El artículo 64 del Código Penal, modificado por el canon 30 de la Ley 1709 de 2014, estipula la procedencia de dicho mecanismo sustitutivo de la pena, así: […] El juez, previa valoración de la conducta punible, concederá la libertad condicional a la persona condenada a pena privativa de la libertad cuando haya cumplido con los siguientes requisitos (…): 1.
Que la persona haya cumplido las tres quintas (3/5) partes de la pena. 2. Que su adecuado desempeño y comportamiento durante el tratamiento penitenciario en el centro de reclusión permita suponer fundadamente que no existe necesidad de continuar la ejecución de la pena. 3. Que demuestre arraigo familiar y social. Corresponde al juez competente para conceder la libertad condicional establecer, con todos los elementos de prueba allegados a la actuación, la existencia o inexistencia del arraigo.
En todo caso su concesión estará supeditada a la reparación a la víctima o al aseguramiento del pago de la indemnización mediante garantía personal, real, bancaria o acuerdo de pago, salvo que se demuestre insolvencia del condenado. El tiempo que falte para el cumplimiento de la pena se tendrá como periodo de prueba. Cuando este sea inferior a tres años, el juez podrá aumentarlo hasta en otro tanto igual, de considerarlo necesario. 15.- Respecto a la valoración de la conducta punible, la Corte Constitucional, en sentencia CC C-757-2014, teniendo como referencia la Sentencia CC C-194-2005, determinó, en primer lugar, cuál es la función del juez de ejecución de penas y, de acuerdo a ésta, cuál es la valoración de la conducta punible que debía realizar. […] El juicio que adelanta el Juez de Ejecución de Penas tiene una finalidad específica, cual es la de establecer la necesidad de continuar con el tratamiento penitenciario a partir del comportamiento carcelario del condenado.
En este contexto, el estudio del Juez de Ejecución no se hace desde la perspectiva de la responsabilidad penal del condenado –resuelta ya en la instancia correspondiente, ante el juez de conocimiento- sino desde la necesidad de cumplir una pena ya impuesta. En el mismo sentido, el estudio versa sobre hechos distintos a los que fueron objeto de reproche en la sentencia condenatoria, cuales son los ocurridos con posterioridad a la misma, vinculados con el comportamiento del sentenciado en reclusión. […] [L]os jueces de ejecución de penas no realizarían una valoración ex novo de la conducta punible.
Por el contrario, el fundamento de su decisión en cada caso sería la valoración de la conducta punible hecha previamente por el juez penal. 16.- Adicionalmente, al reconocer que la redacción del artículo 64 del Código Penal no establece qué elementos de la conducta punible deben tener en cuenta los jueces de ejecución de penas, ni establece los parámetros a seguir para asumir las valoraciones que de ella hicieron previamente los jueces penales en la sentencia citada, se señaló que: […] Las valoraciones de la conducta punible que hagan los jueces de ejecución de penas y medidas de seguridad para decidir sobre la libertad condicional de los condenados debe tener en cuenta todas las circunstancias, elementos y consideraciones hechas por el juez penal en la sentencia condenatoria, sean éstas favorables o desfavorables al otorgamiento de la libertad condicional ».

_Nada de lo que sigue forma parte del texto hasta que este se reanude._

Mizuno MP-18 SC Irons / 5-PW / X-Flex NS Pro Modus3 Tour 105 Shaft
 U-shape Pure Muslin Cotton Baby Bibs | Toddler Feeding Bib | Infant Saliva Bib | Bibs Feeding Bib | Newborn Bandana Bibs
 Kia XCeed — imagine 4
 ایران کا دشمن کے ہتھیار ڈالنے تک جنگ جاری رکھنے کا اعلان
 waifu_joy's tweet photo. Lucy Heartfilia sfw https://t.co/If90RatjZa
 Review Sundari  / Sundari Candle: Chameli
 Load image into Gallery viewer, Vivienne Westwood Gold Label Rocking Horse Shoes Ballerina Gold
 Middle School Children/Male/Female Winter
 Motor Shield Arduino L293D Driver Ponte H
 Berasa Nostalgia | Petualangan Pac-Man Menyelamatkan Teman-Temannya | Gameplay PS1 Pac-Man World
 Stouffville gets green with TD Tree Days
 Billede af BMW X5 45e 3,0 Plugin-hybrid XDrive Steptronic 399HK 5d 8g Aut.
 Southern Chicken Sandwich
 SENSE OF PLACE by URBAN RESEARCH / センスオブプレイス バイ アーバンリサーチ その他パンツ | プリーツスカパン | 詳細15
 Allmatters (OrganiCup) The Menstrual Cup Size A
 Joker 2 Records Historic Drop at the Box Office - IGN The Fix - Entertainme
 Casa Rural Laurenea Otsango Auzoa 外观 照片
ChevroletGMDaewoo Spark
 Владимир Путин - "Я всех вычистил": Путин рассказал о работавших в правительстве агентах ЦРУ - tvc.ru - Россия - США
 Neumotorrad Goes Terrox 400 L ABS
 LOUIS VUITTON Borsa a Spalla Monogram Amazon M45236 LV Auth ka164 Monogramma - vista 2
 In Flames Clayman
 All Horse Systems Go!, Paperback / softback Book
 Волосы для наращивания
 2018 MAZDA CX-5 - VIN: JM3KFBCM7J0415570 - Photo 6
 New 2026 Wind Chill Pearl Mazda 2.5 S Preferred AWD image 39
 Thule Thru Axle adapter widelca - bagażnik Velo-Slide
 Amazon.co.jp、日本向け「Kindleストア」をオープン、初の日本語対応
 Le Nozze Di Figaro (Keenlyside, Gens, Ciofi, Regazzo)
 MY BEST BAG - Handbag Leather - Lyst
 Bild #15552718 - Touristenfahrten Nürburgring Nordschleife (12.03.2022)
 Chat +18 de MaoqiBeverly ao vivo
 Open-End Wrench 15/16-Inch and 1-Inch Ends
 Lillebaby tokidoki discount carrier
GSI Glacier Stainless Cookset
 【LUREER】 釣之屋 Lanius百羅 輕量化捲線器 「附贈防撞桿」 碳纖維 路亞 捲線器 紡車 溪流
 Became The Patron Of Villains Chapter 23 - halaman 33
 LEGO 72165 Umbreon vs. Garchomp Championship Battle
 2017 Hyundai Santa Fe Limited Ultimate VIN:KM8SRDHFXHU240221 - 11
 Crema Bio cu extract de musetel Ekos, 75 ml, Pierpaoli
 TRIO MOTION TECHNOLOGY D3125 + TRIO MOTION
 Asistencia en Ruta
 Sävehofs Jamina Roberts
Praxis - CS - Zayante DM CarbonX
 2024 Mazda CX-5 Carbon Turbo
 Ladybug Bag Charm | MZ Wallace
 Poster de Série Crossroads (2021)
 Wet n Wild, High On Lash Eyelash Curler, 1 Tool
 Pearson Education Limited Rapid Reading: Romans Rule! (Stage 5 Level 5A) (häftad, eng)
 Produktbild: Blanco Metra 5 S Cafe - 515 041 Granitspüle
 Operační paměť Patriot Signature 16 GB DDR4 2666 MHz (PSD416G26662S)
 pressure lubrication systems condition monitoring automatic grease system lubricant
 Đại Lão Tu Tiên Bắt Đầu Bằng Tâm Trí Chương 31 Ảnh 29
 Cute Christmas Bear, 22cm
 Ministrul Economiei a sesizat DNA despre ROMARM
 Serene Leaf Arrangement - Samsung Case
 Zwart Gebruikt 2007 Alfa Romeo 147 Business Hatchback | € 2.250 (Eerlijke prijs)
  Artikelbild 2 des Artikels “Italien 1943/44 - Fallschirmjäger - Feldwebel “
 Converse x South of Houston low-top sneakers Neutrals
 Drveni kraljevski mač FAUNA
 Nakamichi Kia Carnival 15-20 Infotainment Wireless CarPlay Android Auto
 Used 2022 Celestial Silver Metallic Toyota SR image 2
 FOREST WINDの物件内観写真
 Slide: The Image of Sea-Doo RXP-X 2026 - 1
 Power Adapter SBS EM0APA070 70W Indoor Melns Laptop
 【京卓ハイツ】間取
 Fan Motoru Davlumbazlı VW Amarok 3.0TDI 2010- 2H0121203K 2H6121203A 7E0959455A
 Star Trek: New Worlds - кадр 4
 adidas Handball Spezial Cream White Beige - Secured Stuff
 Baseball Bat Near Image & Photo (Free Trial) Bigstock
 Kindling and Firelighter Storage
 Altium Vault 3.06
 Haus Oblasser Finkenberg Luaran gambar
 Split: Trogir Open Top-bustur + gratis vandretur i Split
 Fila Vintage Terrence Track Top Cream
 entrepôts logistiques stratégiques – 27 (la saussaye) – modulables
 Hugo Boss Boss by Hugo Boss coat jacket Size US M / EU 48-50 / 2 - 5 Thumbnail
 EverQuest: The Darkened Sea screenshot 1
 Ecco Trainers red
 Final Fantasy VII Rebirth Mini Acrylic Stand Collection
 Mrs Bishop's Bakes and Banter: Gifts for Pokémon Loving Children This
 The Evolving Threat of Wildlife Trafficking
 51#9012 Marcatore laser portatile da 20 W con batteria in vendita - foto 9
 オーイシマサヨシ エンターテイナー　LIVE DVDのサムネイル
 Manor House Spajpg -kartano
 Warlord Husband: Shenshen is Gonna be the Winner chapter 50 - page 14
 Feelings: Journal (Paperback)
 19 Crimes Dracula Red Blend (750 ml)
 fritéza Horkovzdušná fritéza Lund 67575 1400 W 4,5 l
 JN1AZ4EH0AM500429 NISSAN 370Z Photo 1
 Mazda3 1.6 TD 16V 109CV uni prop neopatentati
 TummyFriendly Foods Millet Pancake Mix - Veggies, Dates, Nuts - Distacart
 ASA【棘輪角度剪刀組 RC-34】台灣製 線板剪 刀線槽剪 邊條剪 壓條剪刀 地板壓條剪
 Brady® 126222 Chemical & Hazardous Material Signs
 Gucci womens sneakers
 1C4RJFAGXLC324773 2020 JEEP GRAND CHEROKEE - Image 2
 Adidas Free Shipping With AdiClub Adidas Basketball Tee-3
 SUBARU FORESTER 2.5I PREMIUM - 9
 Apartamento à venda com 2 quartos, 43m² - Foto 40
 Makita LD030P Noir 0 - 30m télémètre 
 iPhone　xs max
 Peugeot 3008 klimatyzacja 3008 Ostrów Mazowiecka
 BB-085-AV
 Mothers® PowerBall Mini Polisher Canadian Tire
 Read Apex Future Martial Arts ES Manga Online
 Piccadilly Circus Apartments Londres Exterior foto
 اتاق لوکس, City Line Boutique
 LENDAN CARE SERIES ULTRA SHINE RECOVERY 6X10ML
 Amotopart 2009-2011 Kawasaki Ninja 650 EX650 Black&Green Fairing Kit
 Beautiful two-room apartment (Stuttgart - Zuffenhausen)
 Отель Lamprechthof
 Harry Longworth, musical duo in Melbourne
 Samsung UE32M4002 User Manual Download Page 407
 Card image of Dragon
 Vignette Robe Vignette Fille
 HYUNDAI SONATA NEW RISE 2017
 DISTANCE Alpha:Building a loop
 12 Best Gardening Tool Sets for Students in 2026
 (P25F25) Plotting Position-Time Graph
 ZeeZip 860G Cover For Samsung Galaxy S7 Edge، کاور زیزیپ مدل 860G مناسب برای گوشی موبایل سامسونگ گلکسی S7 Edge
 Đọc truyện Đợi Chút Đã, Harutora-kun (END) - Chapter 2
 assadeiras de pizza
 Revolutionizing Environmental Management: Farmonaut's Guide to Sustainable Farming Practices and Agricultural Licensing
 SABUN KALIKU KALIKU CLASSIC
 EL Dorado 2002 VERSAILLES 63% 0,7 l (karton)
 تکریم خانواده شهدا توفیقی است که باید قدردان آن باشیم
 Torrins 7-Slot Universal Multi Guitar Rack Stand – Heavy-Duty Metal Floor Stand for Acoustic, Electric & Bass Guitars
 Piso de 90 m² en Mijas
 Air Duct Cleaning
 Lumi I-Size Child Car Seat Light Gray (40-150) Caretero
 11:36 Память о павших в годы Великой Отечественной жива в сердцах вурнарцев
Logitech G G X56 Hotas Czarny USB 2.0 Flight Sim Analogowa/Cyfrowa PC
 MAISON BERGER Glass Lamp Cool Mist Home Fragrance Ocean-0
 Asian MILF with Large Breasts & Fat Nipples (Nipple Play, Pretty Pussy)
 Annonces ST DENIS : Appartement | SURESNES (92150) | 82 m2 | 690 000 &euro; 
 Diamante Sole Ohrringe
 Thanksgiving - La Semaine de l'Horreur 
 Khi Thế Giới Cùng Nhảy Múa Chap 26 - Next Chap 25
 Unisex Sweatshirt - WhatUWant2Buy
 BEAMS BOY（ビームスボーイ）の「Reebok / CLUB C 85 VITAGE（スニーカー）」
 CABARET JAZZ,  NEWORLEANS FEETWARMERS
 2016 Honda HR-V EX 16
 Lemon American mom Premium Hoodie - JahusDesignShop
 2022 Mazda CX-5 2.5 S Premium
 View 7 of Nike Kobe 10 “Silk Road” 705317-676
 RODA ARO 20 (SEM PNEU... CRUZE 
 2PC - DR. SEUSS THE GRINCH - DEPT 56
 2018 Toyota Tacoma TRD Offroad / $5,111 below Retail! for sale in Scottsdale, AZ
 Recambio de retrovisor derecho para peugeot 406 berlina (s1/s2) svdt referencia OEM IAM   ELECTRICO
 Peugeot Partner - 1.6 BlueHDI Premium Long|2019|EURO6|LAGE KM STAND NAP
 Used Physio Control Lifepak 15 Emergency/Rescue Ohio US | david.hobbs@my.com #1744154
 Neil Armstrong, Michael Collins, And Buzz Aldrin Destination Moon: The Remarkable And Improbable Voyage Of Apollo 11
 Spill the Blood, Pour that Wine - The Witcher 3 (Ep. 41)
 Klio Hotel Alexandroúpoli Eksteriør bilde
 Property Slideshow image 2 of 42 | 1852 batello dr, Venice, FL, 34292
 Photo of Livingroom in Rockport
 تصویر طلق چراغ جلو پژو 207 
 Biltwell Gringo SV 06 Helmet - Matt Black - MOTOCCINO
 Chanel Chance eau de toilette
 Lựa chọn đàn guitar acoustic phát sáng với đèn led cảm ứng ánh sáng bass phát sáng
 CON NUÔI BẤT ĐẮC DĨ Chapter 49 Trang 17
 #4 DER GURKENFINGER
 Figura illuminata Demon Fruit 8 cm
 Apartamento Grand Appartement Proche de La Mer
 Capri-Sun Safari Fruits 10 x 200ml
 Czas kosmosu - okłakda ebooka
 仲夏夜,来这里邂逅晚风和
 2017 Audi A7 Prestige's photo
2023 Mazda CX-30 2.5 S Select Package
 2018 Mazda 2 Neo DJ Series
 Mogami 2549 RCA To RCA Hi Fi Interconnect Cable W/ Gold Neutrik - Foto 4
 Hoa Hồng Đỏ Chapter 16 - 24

(Se resalta). 17.- Posteriormente, en fallos CC C-233-2016, CC T-640-2017 y CC T-265-2017, el Tribunal Constitucional determinó que, para facilitar la labor de los jueces de ejecución de penas ante tan ambiguo panorama, estos deben tener en cuenta siempre, que la pena no ha sido pensada únicamente para lograr que la sociedad y la víctima castiguen al condenado y que con ello vean sus derechos restituidos, sino que responde a la finalidad constitucional de la resocialización como garantía de la dignidad humana. 18.- Por lo anterior, los jueces de ejecución de penas deben velar por la reeducación y la reinserción social de los penados, como una consecuencia natural de la definición de Colombia como un Estado Social de Derecho fundado en la dignidad humana, que permite humanizar la pena de acuerdo con el artículo 1 de la Constitución Política (CC T-718-2015). 19.- Adicionalmente, la Corte Suprema de Justicia estableció que, si bien el juez de ejecución de penas, en su valoración, debe tener en cuenta la conducta punible, adquiere preponderancia la participación del condenado en las actividades programadas, como una estrategia de readaptación social en el proceso de resocialización (CSJ SP 10 oct. 2018, rad. 50836), pues el objeto del Derecho Penal en un Estado como el colombiano no es excluir al delincuente del pacto social, sino buscar su reinserción en el mismo (CC C-328-2016).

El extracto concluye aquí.